School Committee to decide Dec. 10 or 17.

 

A proposal to move the Parker and Coolidge Middle School district lines has come full circle.

After developing and reviewing a total of nine redistricting options, Supterintendent John Doherty recommended Monday that the Reading School Committee either maintain the current district lines or tweak the lines for Birch Meadow and Killam students, as he had proposed last month.

Eleven people spoke at Monday’s meeting, some emotionally, about the issues they said their child faces as one of a small group of students assigned to Parker or Coolidge while a larger group of their Killam or Birch Meadow peers heads to the other middle school.

Parents want to know -- some even before their children enter elementary school -- where the children will go to middle school, according to one parent in the audience.

One mother of a Birch Meadow student said she is concerned about the safety of children walking across town to Parker.

Any redistricting has to minimize the impact on students, the budget and staff and programs, the superintendent said. Programs at one middle school cannot just be moved, he said, to the other one, without repercussions, such as teacher seniority.

A small group of Birch Meadow students in one pocket of the Birch Meadow school district – an average of 9 to 13 over the last couple of years, according to Doherty – are assigned to Parker while most go to Coolidge.

If students in that area were redistricted to Coolidge, the number of Killam-to-Parker students should increase, Doherty said, by roughly the same number, to maintain comparable class sizes at the two middle schools. Killam is the only other school whose students are split between Parker and Coolidge.

So the superintendent proposed to move the Killam-to-Parker district line slightly north. That would reduce the number of Killam students going to Coolidge.

Killam parents were unhappy with that proposal.

The School Committee directed Doherty to look at other redistricting options.

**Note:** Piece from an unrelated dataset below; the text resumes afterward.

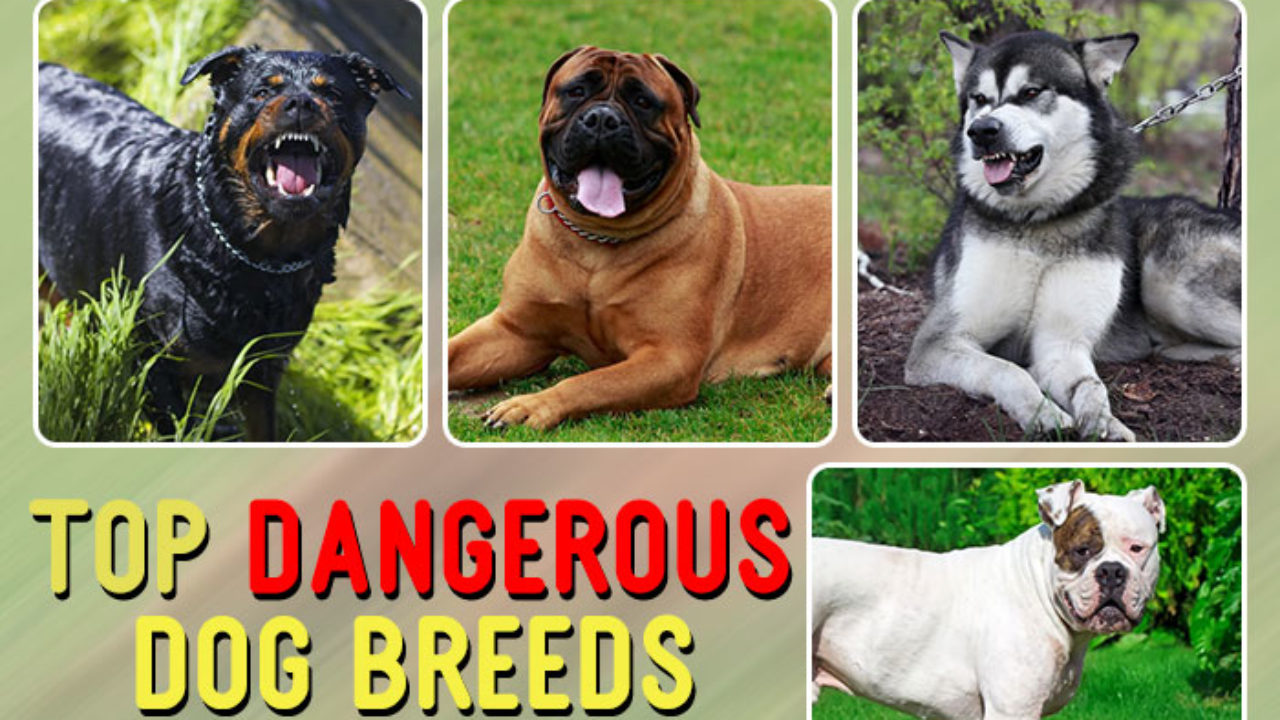25 dangerous dogs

Whatever the School Committee decides, everyone will not be happy, Doherty said Monday.

Since the Title I program ended at Parker three years ago, middle school choice also ended, Doherty told the audience of about three dozen people.

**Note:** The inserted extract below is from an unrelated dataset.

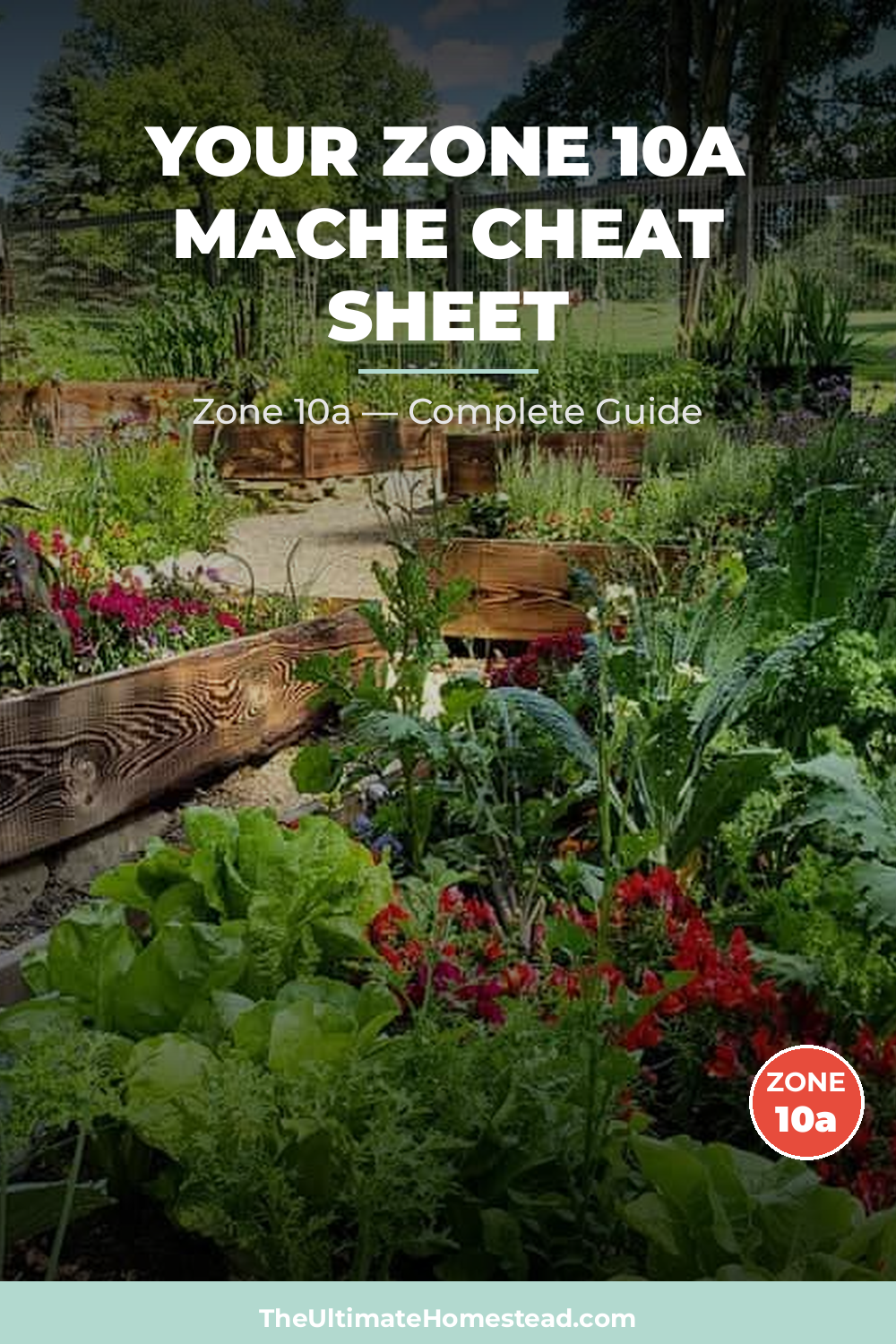 When to Plant Mache in Zone 10a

Parker Middle School can accommodate 600 students, Doherty said; Coolidge, between 450 and 460 pupils.

Administrators from Parker, Coolidge, Killam and Birch Meadow proposed to better prepare the fifth graders from those two elementary schools who are  moving up to middle school by focusing on the transition overall, rather than who’s going where and setting up supports, like student mentors at the middle schools from the entering students’ elementary school and talking to parents.

The School Committee plans to vote on middle school redistricting on either Dec. 10 or 17, committee chairman Karen Janowski told Patch.

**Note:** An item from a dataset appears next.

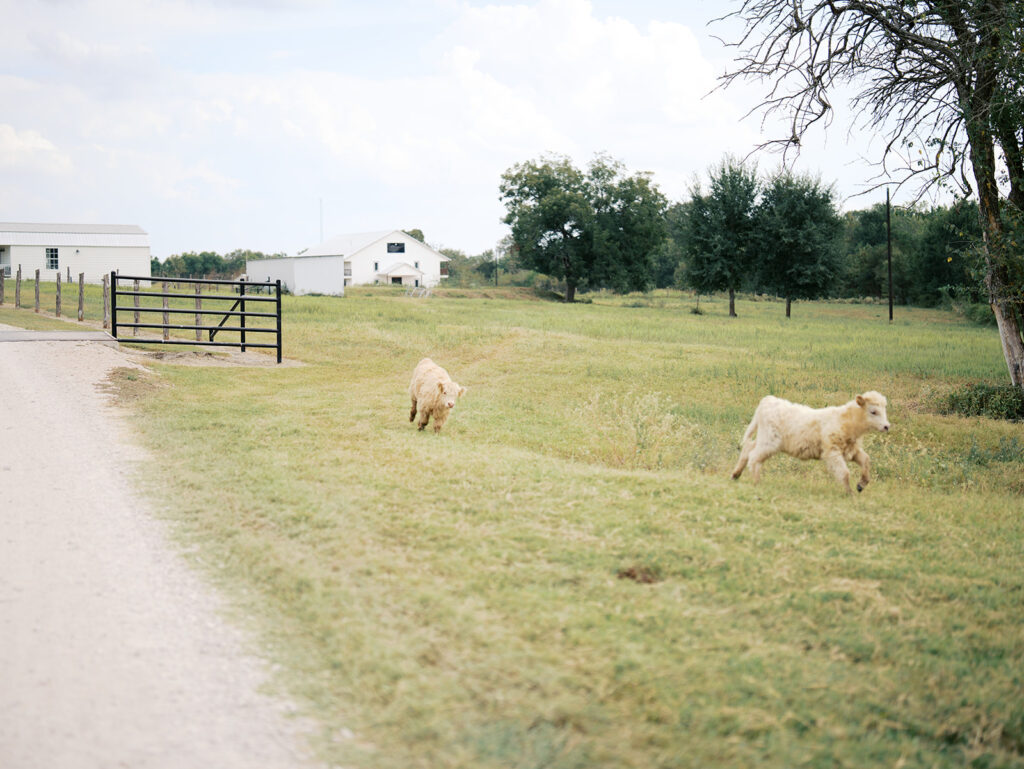 highland cows running in a field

One factor to consider in redistricting now, Doherty said, is that it may happen all over again in two to three years. The School Committee wants to offer all-day kindergarten, now an option, to all students.  More space would be needed to house them.  Space at all of the town’s five elementary schools is at a premium, according to recent committee discussions, because of growing and new programs, not growing enrollment.

The last middle school redistricting occurred in 1995, Doherty said, before the Wood End elementary school came on line.

Related Topics: Redistricting, middle school redistricting, reading redistricting, and reading schools

Mary

8:15 am on Wednesday, November 28, 2012

Dr. Doherty is correct. They can not make everyone happy. I wish them all well in making a very tough decision.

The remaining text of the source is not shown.